Could candidates also be required to swear they’re not communists, asked Justice Joshua Groban. How about requiring that they disclose five years of their school report cards, added Justice Ming Chin.
It could evolve into “a laundry list of potential requirements,” Chin objected, adding, “Where does it end?”
Supervising state Deputy Attorney General Jay Russell argued that the Legislature has discretion to set restrictions.
A federal judge already temporarily blocked the state law in response to a different lawsuit.
The case before the state Supreme Court was filed by the California Republican Party and chairwoman Jessica Millan Patterson challenging Democratic Gov. Gavin Newsom’s July signing of the law aimed at Trump.
Their attorney Thomas Hiltachk argued Wednesday that the law violates the California Constitution, specifically a 1972 voter-approved amendment guaranteeing that all recognized candidates must be on the ballot.
In addition, keeping Trump off the ballot could lower voter turnout in the primary, hurting Republican legislative and congressional candidates’ chances of reaching the general election, the plaintiffs said.
Lawyers for the state called the release of tax returns a common-sense requirement so voters can gauge candidates’ “financial status and honesty concerning financial matters.”
State officials appear to “have an uphill battle defending this statute,” based on the high court’s tough questioning — even its more progressive justices, said University of California law professor Richard “Rick” Frank, who attended the hearing.
“A critical mass of the justices … were asking a lot of pointed questions of the ‘slippery slope’ variety,” he said.
The justices sped up their usual timetable because there would be a Nov. 26 deadline for candidates to file tax returns if the law survives. However, the court could take up to 90 days to rule on the matter.
State officials would not say why they didn’t seek a faster review of the federal judge’s decision by the 9th U.S. Circuit Court of Appeals or if that meant they are giving up on getting Trump’s returns in time for next year’s election.
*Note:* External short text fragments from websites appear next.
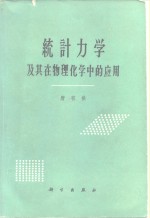 统计力学 及其在物理化学中的应用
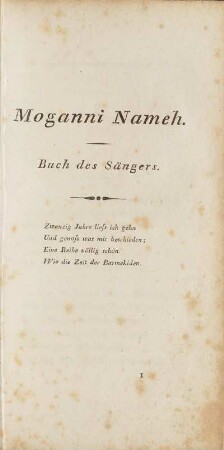 Moganni Nameh. Buch des Sängers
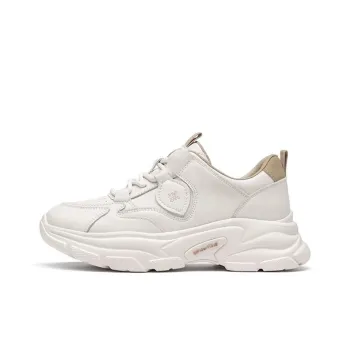 Spider King Low Top Chunky Sneakers Women's Beige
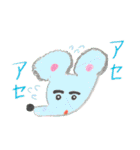 sakataaimiの混沌スタンプ（個別スタンプ：23）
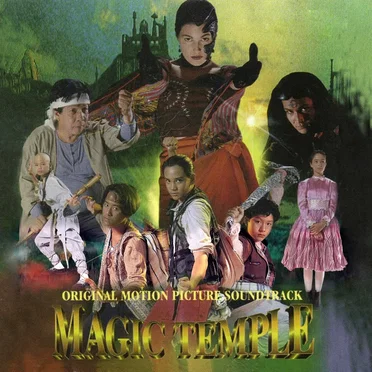 Magic Temple by Various Artists - album cover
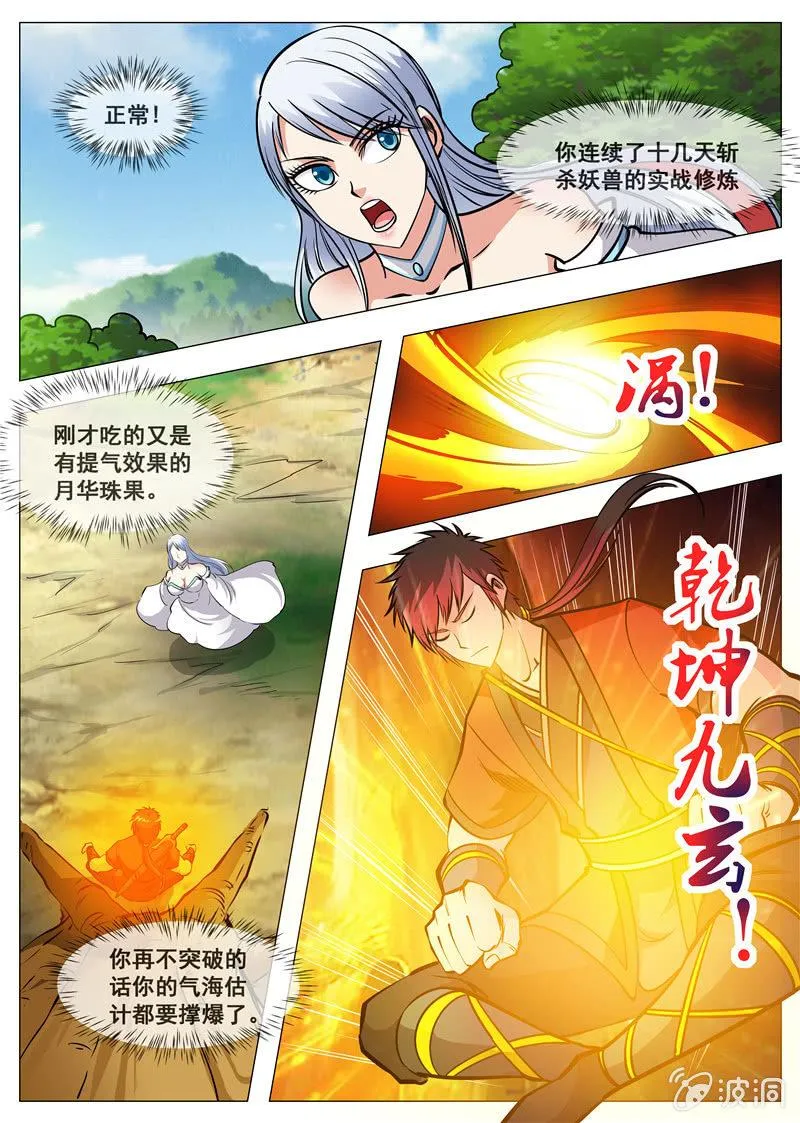 第154话 偷袭4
Hiltachk said a ruling against the law by the state Supreme Court would be more defining, because it couldn’t be appealed.
His co-counsel, Charles Bell, after the hearing called the law “a slap in the face of an open primary,” noting that “if all manner of things were required, there would be very few candidates.”
State officials did not comment after the hearing.
Trump broke with decades of tradition in refusing to release his returns, citing an ongoing Internal Revenue Service audit.
The California Supreme Court hearing consideration came the same week that a federal appeals court in New York ruled that Trump’s tax returns can be turned over to a grand jury that usually keeps the records from public view.